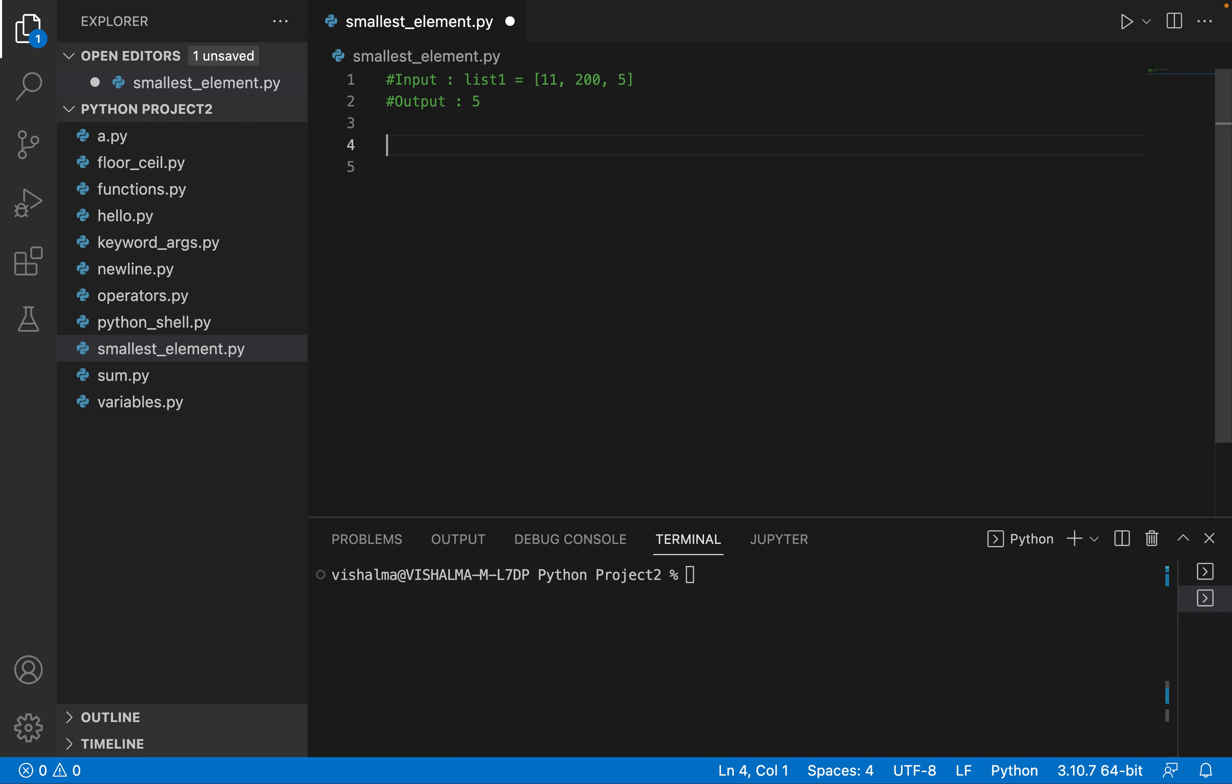The main purpose is that we don't want to use loops and iterate over the list. We want minimum amount of time, so minimum number of lines of code we need to write.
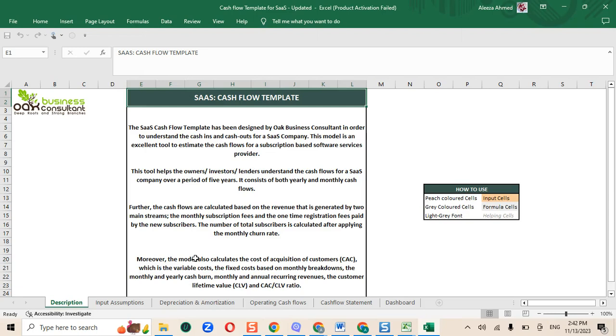Hi everyone, Oak Business Consultant is back with another financial model which is the cash flow template for SaaS business. This financial model will give you the forecasted cash flows for the next 60 months.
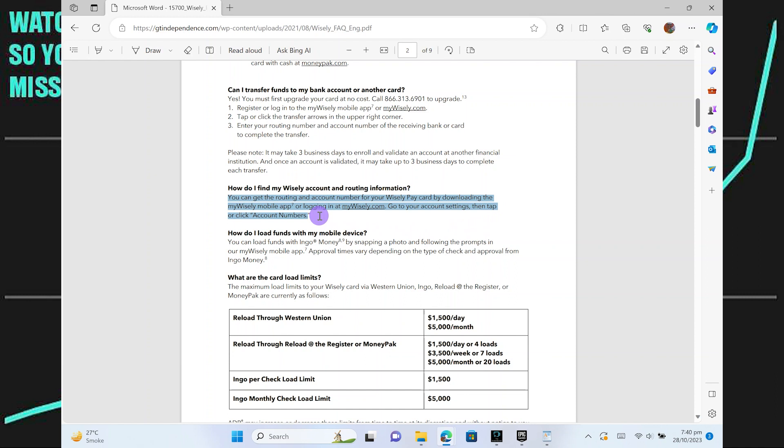Within your account settings, look for the option labeled as account numbers. It may also be under a section like direct deposit or banking information.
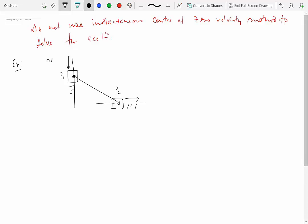Given the velocity of slider one as VP1, we want to find the velocity of slider two VP2, as well as the angular velocity of the connecting rod. We have three rigid bodies in motion: P1 and P2 are doing translation, and the connecting rod is doing general planar motion. We will use the instantaneous center of zero velocity method.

* * * * * * * * *

WORK TASK -> Could you return the listing above exactly, minus its pictures?

WRITTEN RESPONSE ->
The main purpose is that we don't want to use loops and iterate over the list. We want minimum amount of time, so minimum number of lines of code we need to write.
Hi everyone, Oak Business Consultant is back with another financial model which is the cash flow template for SaaS business. This financial model will give you the forecasted cash flows for the next 60 months.
Within your account settings, look for the option labeled as account numbers. It may also be under a section like direct deposit or banking information.
Given the velocity of slider one as VP1, we want to find the velocity of slider two VP2, as well as the angular velocity of the connecting rod. We have three rigid bodies in motion: P1 and P2 are doing translation, and the connecting rod is doing general planar motion. We will use the instantaneous center of zero velocity method.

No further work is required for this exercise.